Que "bênçãos" são essas de que falava "tio Chico"? Na verdade, é uma ideia abstrata, indefinível, incerta. Como vamos ter certeza do "incerto"? Claro, para quem finge conhecer bem a mediunidade e divulga cartas apócrifas de panfletarismo religioso, como são os "espíritas", isso é fácil. É uma forma gentil de dizer "Vá sofrer, seu palerma!" e inventar um benefício qualquer na mente.
Que "bênçãos" são essas? Os "bônus-hora" de Nosso Lar? O brilho do Sol? O cheiro das flores? Ou será o próprio sorriso débil de Chico Xavier no fim da vida a nos "consolar" numa próxima doutrinária "espírita"? Qualidade de vida que é bom, nada!
Isso é mau. E mostra o quanto as religiões também têm um quê de egoísmo. Elas não toleram pessoas diferenciadas, rogam más energias a elas, criam uma "pedagogia do sofrimento" que terceiriza a vida, como no trabalho terceirizado em que salários baixam, encargos deixam de ser concedidos, há mais exploração no trabalho e nenhuma proteção contra acidentes.
O "espiritismo" brasileiro nem deveria ser chamado de "kardecista", mas de "taylorista", porque prega a exploração da vida do indivíduo, em que a "melhor receita" é a de sofrer muito, aguentar os piores infortúnios, de preferência com o mais alegre sorriso, mas aceitando, se não for o caso, um pranto silencioso para não irritar tiranos e algozes, e esperar a bonança desconhecida.
Mas ai se o "felizardo" desse "sofrimento com amor" chora em voz alta e o algoz, irritado, lhe dá um cascudo, o sofredor deve se considerar "feliz" com isso, porque no pior dos sofrimentos a pessoa está destinada às "bênçãos futuras". E não é para entender, é para "acreditar".
Pelo moralismo da fé religiosa, com seus valores punitivos e castradores, "acreditar" é aceitar fantasias e absurdos e não querer explicação a elas. E, o que é pior, seu moralismo considera "horrível" que a "justiça dos homens" se preocupe com alguma assistência e aconselhe as pessoas a buscar satisfações diante dos problemas sofridos.

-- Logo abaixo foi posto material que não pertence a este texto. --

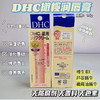 日本DHC蝶翠诗橄榄无色护唇膏 滋润保湿润唇防干裂1.5g 商品缩略图1
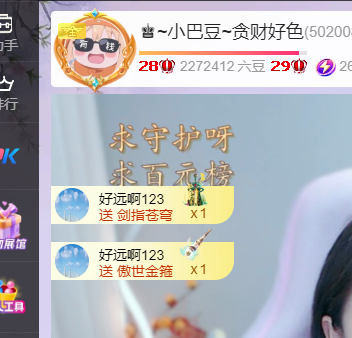 ♚~小巴豆~贪财好色主播图片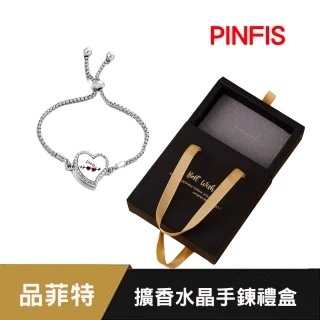 【PINFIS 品菲特】擴香水晶手鍊禮盒(擴香)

Hoje, na Terra, pelo menos as nações com algum desenvolvimento social permitem que pessoas perguntem sobre a qualidade dos produtos, a humanidade dos tratamentos, a transparência das leis, a eficiência dos serviços, progressos notáveis resultantes da Justiç humana.
Já o moralismo "espírita" não consegue ter respostas por exemplo, para o descaso dos hospitais como, por outro lado, não consegue explicar por que certas práticas de cirurgias espirituais são feitas com facas sujas e mãos que parecem tetem matado algum boi doente e que, antes de fazer cirurgia, ainda pegavam em panos sujos para limpar um chão.
O "espiritismo" brasileiro se acha no único compromisso de exaltar a "vida futura". Mas sua doutrina não cria condições para melhorar e estimular o sucesso na vida presente. Com seu rol de absurdos, a doutrina prefere que as pessoas mais brilhantes sofram com infortúnios, enquanto garante o recreio dos maus que só vão pagar pelo que fizeram na "próxima encarnação".
Assim, o "bom futuro" é desculpa para se viver o mau presente. Só que o "espiritismo" desconhece que sofrimento demais gera traumas, revoltas, angústias, medos, raivas, e na próxima vida, em vez de termos as tão prometidas "bênçãos", seremos apenas pessoas com a única escolha de sermos medrosas ou raivosas.